Mireille, 61: Geschichte einer ganz normalen Verdrängung
Kreuzkölln 1980 zieht Mireille in ihre Wohnung in der Schinkestraße, eine Minute vom Maybachufer entfernt. Kreuzkölln gabs noch nicht, der Norden Neuköllns war Westberliner Rand, besetzte Häuser, viele Wohngemeinschaften, eine offene und solidarische Atmosphäre im Kiez. Gegenseitige Unterstützung, gemeinsames Kochen, am Landwehrkanal die Sonne genießen, genau so, wie Mensch sich eine gute Nachbarschaft vorstellt. Mireille, aufgewachsen in Casablanca und Paris kam 1979 nach Berlin – natürlich der Liebe wegen. Sie hat für die Alliierten am Flughafen Tegel als Fremdsprachenkorrespondentin und später als Übersetzerin und Dolmetscherin gearbeitet.

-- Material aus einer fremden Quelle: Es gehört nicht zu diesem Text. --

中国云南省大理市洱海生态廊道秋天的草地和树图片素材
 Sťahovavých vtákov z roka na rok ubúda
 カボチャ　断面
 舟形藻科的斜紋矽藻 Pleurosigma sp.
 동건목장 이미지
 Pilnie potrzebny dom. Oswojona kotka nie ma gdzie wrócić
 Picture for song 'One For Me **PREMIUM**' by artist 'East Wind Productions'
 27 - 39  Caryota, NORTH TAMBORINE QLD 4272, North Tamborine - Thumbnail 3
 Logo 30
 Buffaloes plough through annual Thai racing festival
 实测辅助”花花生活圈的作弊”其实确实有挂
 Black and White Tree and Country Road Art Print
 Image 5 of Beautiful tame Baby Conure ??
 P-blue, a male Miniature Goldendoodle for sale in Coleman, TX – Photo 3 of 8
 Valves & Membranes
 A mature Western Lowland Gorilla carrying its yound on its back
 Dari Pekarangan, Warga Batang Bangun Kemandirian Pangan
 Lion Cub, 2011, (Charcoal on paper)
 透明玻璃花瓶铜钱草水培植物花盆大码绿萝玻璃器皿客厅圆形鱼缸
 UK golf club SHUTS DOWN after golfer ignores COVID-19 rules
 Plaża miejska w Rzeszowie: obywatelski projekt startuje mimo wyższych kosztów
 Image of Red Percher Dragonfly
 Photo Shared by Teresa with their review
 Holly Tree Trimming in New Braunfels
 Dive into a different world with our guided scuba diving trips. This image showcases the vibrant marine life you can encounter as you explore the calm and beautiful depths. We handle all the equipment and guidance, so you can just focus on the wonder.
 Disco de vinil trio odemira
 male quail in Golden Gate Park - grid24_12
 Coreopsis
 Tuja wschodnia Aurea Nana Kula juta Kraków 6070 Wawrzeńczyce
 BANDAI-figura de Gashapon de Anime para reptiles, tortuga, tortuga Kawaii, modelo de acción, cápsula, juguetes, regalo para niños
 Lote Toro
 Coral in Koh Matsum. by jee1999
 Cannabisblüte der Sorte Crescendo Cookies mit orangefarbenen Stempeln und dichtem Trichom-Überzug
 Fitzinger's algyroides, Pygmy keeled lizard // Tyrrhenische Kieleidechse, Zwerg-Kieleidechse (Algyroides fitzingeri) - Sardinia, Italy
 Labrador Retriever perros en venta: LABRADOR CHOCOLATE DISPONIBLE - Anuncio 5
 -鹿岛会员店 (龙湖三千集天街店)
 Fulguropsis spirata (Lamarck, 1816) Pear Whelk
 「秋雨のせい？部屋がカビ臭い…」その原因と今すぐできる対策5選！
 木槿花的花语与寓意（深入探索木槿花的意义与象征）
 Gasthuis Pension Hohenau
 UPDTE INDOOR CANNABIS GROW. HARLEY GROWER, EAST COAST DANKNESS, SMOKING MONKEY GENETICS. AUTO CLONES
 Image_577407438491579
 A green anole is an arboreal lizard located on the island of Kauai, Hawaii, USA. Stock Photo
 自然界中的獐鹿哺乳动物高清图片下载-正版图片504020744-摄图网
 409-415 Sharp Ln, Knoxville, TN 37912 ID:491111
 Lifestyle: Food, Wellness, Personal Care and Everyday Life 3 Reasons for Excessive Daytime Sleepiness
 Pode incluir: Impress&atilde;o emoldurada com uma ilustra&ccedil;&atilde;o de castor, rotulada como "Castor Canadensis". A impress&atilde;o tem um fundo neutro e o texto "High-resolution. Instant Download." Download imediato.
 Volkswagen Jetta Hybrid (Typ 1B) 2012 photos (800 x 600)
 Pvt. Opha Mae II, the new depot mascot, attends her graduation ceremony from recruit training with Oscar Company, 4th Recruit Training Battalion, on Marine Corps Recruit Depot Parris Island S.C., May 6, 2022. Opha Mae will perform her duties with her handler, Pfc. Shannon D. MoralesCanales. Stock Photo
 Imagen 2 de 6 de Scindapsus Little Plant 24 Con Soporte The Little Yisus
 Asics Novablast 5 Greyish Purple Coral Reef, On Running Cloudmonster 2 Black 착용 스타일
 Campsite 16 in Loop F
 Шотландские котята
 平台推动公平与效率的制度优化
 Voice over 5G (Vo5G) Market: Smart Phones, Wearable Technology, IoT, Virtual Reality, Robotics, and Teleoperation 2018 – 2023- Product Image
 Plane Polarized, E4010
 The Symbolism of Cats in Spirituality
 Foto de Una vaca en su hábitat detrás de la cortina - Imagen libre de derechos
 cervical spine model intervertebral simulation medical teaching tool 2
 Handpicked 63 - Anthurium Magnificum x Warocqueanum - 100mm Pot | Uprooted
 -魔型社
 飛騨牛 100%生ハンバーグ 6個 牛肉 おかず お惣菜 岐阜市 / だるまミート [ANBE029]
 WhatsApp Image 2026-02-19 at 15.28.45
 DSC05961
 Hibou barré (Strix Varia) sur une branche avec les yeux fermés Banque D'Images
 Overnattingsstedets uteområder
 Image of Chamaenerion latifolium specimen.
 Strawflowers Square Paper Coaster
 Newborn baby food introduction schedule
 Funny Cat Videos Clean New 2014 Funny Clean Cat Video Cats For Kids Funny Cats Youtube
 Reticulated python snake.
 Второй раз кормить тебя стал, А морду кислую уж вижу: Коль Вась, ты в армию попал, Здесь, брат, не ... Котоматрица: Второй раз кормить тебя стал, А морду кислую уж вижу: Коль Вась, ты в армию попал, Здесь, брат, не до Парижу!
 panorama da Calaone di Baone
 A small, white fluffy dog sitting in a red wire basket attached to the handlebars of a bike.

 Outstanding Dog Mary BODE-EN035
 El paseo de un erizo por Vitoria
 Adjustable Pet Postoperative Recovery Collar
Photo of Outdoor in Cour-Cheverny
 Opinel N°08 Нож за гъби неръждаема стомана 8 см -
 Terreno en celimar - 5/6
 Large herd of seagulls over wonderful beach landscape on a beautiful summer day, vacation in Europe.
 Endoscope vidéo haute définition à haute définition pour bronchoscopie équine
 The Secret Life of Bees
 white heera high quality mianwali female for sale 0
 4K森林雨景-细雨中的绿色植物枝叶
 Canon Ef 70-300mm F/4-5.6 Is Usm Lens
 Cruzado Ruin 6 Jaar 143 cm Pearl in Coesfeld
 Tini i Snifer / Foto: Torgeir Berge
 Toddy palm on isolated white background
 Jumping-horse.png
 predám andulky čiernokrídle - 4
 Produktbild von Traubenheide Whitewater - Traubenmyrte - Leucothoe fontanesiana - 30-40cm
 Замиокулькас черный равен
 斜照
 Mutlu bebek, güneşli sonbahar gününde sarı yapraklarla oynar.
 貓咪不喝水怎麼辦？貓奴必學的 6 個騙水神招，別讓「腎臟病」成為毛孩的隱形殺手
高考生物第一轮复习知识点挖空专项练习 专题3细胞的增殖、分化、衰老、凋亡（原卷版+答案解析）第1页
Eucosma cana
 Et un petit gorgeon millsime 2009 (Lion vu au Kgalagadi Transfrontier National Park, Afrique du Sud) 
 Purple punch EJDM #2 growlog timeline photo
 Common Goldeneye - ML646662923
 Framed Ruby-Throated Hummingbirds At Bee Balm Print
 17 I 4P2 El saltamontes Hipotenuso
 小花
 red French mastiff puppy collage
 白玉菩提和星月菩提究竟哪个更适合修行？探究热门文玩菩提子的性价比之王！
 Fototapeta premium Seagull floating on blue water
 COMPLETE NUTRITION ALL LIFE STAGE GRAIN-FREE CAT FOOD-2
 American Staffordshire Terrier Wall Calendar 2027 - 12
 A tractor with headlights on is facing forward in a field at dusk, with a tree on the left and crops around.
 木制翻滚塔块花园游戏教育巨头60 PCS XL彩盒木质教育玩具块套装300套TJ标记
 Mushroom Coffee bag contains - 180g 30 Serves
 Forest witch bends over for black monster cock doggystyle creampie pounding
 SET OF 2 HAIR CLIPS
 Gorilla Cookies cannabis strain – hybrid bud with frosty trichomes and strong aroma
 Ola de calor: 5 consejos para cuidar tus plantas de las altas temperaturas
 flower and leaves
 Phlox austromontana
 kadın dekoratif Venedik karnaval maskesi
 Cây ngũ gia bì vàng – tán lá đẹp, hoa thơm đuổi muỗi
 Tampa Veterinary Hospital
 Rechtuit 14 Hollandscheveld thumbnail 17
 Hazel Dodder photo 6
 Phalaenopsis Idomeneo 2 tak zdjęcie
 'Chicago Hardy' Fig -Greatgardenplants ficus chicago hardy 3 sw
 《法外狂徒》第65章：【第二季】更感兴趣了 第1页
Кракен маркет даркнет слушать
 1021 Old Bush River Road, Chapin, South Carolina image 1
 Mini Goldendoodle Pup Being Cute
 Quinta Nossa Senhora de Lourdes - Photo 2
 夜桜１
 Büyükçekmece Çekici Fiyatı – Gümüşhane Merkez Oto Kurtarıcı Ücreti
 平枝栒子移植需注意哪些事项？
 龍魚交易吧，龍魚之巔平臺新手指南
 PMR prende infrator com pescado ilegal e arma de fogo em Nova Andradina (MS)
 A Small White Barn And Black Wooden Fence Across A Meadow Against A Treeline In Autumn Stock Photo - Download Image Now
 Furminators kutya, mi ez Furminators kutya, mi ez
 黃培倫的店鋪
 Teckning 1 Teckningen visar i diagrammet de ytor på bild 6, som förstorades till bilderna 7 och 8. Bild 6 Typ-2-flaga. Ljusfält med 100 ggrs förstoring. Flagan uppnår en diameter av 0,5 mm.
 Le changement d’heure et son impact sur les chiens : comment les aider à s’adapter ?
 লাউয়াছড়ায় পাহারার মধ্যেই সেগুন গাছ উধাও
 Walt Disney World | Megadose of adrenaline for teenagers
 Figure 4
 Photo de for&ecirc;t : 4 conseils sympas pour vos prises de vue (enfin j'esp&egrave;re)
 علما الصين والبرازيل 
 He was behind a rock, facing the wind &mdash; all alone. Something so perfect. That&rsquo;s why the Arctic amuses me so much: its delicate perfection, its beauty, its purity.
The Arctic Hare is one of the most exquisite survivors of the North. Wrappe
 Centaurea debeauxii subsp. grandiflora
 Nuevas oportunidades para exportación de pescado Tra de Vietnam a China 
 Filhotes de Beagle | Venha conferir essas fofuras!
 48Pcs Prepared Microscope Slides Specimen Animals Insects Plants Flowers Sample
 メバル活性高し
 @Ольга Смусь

Vor ungefähr 10 Jahren dann begann der Ärger um die Wohnung. Die Erbengeneration hatte die Geschäfte übernommen und Profite gerochen. Der Kiez war schon im Wandel, der Berliner Immobilienmarkt erfuhr zunehmend wachsende Aufmerksamkeit, die Leerstände wurden weniger und die Mieten fingen an zu steigen. Dann gab es Streitigkeiten wegen nicht behobener Wasserschäden, Fahrräder wurden von der Hausverwaltung aus dem Keller entfernt und alles getan, um Mireille, die mittlerweile eine vergleichsweise günstige Miete zahlte, das Leben in ihrer Wohnung zu erschweren.
Als sie ihre Arbeit verlor, verlor sie auch den Überblick und die Kraft sich um die juristischen Auseinandersetzungen mit den Eigentümer*innen zu kümmern. Die meisten alten Bekannten und Freund*innen waren längst weg gezogen, aus Wohngemeinschaften wurden Luxus-Lofts und die Trödelläden wichen schicken Bars und Geschäfte junger Modedesigner*innen. Mireille gefallen die neuen Läden und die interessanten Menschen aus aller Welt, nur die Solidarität fehlt ihr.
Eine Räumungsklage gegen sie, wegen angeblicher Mietrückstände, weil sie ihre Mietzahlungen nicht schnell genug an die ständigen Erhöhungen anpasste, wurde vom Amtsgericht zurückgewiesen. Das Landgericht allerdings rechnete anders und fand irgendwo die benötigten zwei Monatsmieten Rückstand und entschied wie so oft für die Eigentümer*innen. Heute, am 30. November 2014 hat Mireille die letzten Sachen aus der Wohnung geholt, in der sie 34 Jahre lebte.
Mireille ist seit zwei Jahren im Bündnis Zwangsräumung verhindern! aktiv. Wie die meisten Menschen, hat sie nicht bis zur Zwangsräumung durch den Gerichtsvollzieher gewartet. Sie hat Glück im Unglück und landet nicht auf der Straße. Sie hat eine kleine, teuere Wohnung in Rudow gefunden. Mireille bekommt ungewollt die Chance, sich mit 61 Jahren nochmal ein vollkommen neues Wohnumfeld aufzubauen. Das ist die Geschichte einer ganz normalen Verdrängung.